**DATA EXTRACTS:**
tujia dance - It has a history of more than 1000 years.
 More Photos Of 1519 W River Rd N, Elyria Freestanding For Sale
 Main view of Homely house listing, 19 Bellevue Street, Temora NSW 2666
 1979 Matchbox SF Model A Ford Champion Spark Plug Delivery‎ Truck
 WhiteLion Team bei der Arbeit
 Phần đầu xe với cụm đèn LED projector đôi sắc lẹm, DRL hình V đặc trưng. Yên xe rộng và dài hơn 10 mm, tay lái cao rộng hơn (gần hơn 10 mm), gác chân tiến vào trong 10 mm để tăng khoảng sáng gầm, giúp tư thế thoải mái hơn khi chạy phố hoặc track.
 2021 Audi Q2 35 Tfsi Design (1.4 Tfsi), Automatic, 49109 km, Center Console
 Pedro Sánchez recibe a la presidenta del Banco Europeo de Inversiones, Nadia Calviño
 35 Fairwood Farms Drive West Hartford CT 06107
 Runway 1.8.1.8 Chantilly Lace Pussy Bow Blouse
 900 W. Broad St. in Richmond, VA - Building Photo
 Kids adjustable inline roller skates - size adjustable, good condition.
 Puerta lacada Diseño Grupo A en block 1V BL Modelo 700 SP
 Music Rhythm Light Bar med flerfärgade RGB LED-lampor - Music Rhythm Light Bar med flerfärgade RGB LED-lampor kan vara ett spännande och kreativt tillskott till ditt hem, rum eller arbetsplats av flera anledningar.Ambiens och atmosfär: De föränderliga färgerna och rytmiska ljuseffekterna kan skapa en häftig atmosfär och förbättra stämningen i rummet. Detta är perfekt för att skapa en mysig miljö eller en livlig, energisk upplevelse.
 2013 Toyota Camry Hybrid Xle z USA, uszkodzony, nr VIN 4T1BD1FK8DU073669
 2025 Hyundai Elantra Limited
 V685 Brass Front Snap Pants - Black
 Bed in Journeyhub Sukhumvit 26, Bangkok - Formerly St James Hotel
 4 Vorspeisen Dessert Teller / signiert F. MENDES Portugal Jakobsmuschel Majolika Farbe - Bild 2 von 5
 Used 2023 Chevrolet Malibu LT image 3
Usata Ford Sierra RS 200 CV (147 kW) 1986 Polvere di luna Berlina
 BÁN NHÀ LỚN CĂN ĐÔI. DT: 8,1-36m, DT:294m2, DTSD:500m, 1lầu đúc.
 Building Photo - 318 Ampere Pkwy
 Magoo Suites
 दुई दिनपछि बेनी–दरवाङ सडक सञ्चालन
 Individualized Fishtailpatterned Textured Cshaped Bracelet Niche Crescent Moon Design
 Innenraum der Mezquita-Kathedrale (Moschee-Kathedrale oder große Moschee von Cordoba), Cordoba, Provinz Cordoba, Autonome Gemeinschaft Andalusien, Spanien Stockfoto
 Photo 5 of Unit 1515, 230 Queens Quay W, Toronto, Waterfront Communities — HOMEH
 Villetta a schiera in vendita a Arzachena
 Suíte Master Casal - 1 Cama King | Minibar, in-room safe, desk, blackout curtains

**PROMPT:** Retype the records above in full, matching each line exactly.

**YOUR SOLUTION:**
tujia dance - It has a history of more than 1000 years.
 More Photos Of 1519 W River Rd N, Elyria Freestanding For Sale
 Main view of Homely house listing, 19 Bellevue Street, Temora NSW 2666
 1979 Matchbox SF Model A Ford Champion Spark Plug Delivery‎ Truck
 WhiteLion Team bei der Arbeit
 Phần đầu xe với cụm đèn LED projector đôi sắc lẹm, DRL hình V đặc trưng. Yên xe rộng và dài hơn 10 mm, tay lái cao rộng hơn (gần hơn 10 mm), gác chân tiến vào trong 10 mm để tăng khoảng sáng gầm, giúp tư thế thoải mái hơn khi chạy phố hoặc track.
 2021 Audi Q2 35 Tfsi Design (1.4 Tfsi), Automatic, 49109 km, Center Console
 Pedro Sánchez recibe a la presidenta del Banco Europeo de Inversiones, Nadia Calviño
 35 Fairwood Farms Drive West Hartford CT 06107
 Runway 1.8.1.8 Chantilly Lace Pussy Bow Blouse
 900 W. Broad St. in Richmond, VA - Building Photo
 Kids adjustable inline roller skates - size adjustable, good condition.
 Puerta lacada Diseño Grupo A en block 1V BL Modelo 700 SP
 Music Rhythm Light Bar med flerfärgade RGB LED-lampor - Music Rhythm Light Bar med flerfärgade RGB LED-lampor kan vara ett spännande och kreativt tillskott till ditt hem, rum eller arbetsplats av flera anledningar.Ambiens och atmosfär: De föränderliga färgerna och rytmiska ljuseffekterna kan skapa en häftig atmosfär och förbättra stämningen i rummet. Detta är perfekt för att skapa en mysig miljö eller en livlig, energisk upplevelse.
 2013 Toyota Camry Hybrid Xle z USA, uszkodzony, nr VIN 4T1BD1FK8DU073669
 2025 Hyundai Elantra Limited
 V685 Brass Front Snap Pants - Black
 Bed in Journeyhub Sukhumvit 26, Bangkok - Formerly St James Hotel
 4 Vorspeisen Dessert Teller / signiert F. MENDES Portugal Jakobsmuschel Majolika Farbe - Bild 2 von 5
 Used 2023 Chevrolet Malibu LT image 3
Usata Ford Sierra RS 200 CV (147 kW) 1986 Polvere di luna Berlina
 BÁN NHÀ LỚN CĂN ĐÔI. DT: 8,1-36m, DT:294m2, DTSD:500m, 1lầu đúc.
 Building Photo - 318 Ampere Pkwy
 Magoo Suites
 दुई दिनपछि बेनी–दरवाङ सडक सञ्चालन
 Individualized Fishtailpatterned Textured Cshaped Bracelet Niche Crescent Moon Design
 Innenraum der Mezquita-Kathedrale (Moschee-Kathedrale oder große Moschee von Cordoba), Cordoba, Provinz Cordoba, Autonome Gemeinschaft Andalusien, Spanien Stockfoto
 Photo 5 of Unit 1515, 230 Queens Quay W, Toronto, Waterfront Communities — HOMEH
 Villetta a schiera in vendita a Arzachena
 Suíte Master Casal - 1 Cama King | Minibar, in-room safe, desk, blackout curtains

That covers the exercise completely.